Missing something important

Not mentioned in those reports is the “curtailed” wind. The cost of curtailed wind (estimated at $120 per/MWh) is part of the electricity line on our bills via the Global Adjustment, or GA.  Estimates by energy analyst Scott Luft have curtailed wind in the first six months of 2016 at 1.228 TWh.

So, based on the foregoing, the GA cost of grid-accepted and curtailed IWT generation in the first six months of 2016 was $759.2 million, made up of a cost of $611.8 million for grid-delivered generation (estimated at $133 million per TWh) and $147.4 million for curtailed generation.
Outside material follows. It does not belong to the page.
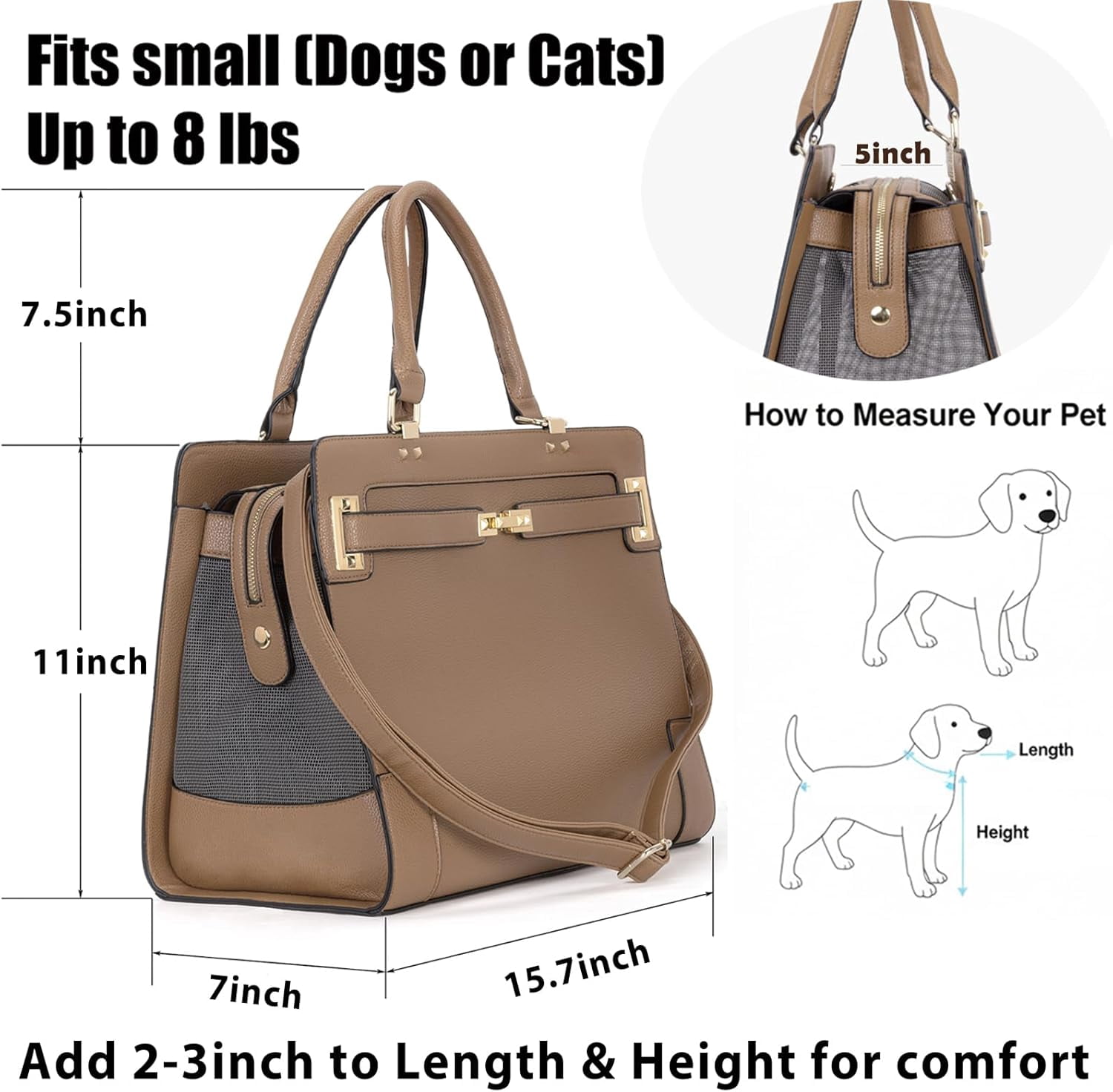 Fashion Pet Carrier Dog Cat Carrier Purse Soft-Sided Leather Handbag Pet Tote Bag for Small Dogs Puppy and Cats TSA Airline Approved (Khaki) - Image 3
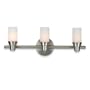 Royce Lighting RV2164/3BS Three-Light Vanity Brushed Steel with Opal Etched Globes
Those two costs on their own mean the per kWh cost of wind was 16.5 cents/kWh (3.2 cents above the average of 13.3 cents/kWh).  The $759.2 million was 12% of the GA costs ($6.3 billion) for the six months for 5.9% of the power contributed.

But hold on, that’s not all. We know that wind turbines need gas plant backup, so those costs should be included, too. Those costs (due to the peaking abilities of gas plants) currently are approximately $160/MWh (at 20% of capacity utilization) meaning payments to idling plants for the 4.6 TWh backup was about $662 million. That brings the overall cost of the wind power contribution to the GA to about $1.421 billion, for a per kWh rate of 30.9 cents.   If you add in costs of spilled or wasted hydro power to make way for wind (3.4 TWh in the first six months) and steamed off nuclear generation at Bruce Power (unknown and unreported) the cost per/kWh would be higher still.

So when the moneyed corporate wind power lobbyist CanWEA claims that the latest procurement of IWT is priced at 8.59 cents per kWh, they are purposely ignoring the costs of curtailed wind and the costs of gas plant backup.

22% of the costs for 5.9% of the power

 Effectively, for the first six months of 2016 the $1.421 billion in costs to deliver 4.6 TWh of wind-generated power represented 22.5% of the total GA of $6.3 billion but delivered only 5.9% of the power.  Each of the kWh delivered by IWT, at a cost of 30.9 cents/kWh was 2.8 times the average cost set by the OEB and billed to the ratepayer.  As more wind turbines are added to the grid (Ontario signed contracts for more in April 2016),  the costs described here will grow and be billed to Ontario’s consumers.

CanWEA recently claimed “Ontario’s decision to nurture a clean energy economy was a smart investment and additional investments in wind energy will provide an increasingly good news story for the province’s electricity customers.” 

There is plenty of evidence to counter the claim that wind power is “a smart investment.” But it is true that this is a “good news story” — for the wind power developers, that is. They rushed to Ontario to obtain the generous above-market rates handed out at the expense of Ontario’s residents and businesses. And we’re all paying for it.